A good example of this is the use of email for non-routine alerts. The increasing threat of phishing emails and hackers means your user base has a healthy mistrust of unfamiliar messages.
In fact, your IT Department may spend significant time educating employees on the dangers of suspicious emails. Staff may be encouraged to only open emails from known senders. So if you send an emergency alert from an email account that they have never seen before, they might delete it without ever seeing the content.
When you send an emergency alert through your notification system, make sure it allows you to enter a “From” email address for the message. Then, where possible, use the same email address consistently across your notifications.

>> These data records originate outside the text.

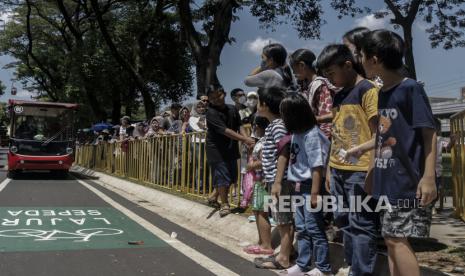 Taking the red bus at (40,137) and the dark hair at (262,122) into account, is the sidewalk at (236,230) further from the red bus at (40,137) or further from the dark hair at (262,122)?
the red bus at (40,137)

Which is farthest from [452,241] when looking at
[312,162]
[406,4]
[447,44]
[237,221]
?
[447,44]

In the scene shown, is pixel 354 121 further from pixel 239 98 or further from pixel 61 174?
pixel 61 174

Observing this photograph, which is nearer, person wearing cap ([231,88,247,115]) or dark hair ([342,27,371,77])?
dark hair ([342,27,371,77])

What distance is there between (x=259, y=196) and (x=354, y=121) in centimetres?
178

Make sure this address is in your company’s address book so that the alert will not appear to come from an unknown sender.
Also consider standardizing at least a portion of your subject line to include identification of the notice as an urgent message (e.g., “Company XYZ Emergency Alert”).
Regardless of how reliable your notification system is or how quickly you send an alert, if you don’t have the correct contact information, your message won’t be conveyed. Be sure you have a fail-safe method of updating contact information; ideally through a contact database integration or by using your notification service’s self-registration/update feature.
Don’t overlook the fact that your message recipients may speak different languages. Notification systems that provide for multilingual messaging are invaluable in a global environment. As part of your alert enrollment process, be sure to ask your contacts for their language preference so that alerts are automatically and consistently translated for them.
Also keep in mind that if you are sending messages internationally, you may have to deal with a cultural distrust of automated calls. If this is the case you’ll want to work with local management to ensure individuals are informed about the critical reasons you are using an automated system to send alerts.
Travel is part of almost every large corporation, making it difficult to know who is impacted by an incident in a particular city or location. While traditional alerting methods (i.e., email, SMS, voice calls) are essential and relevant, many organizations also need secure and resilient communication to target their “on-the-go” mobile workforce.
Consider notification providers that support alert initiation based on geographic position—be that the location on record in your contact database (e.g., home address or office address) or the GPS location of their smartphone. This ensures that anyone in the vicinity of a crisis situation will be alerted even if their travel itinerary isn’t on file.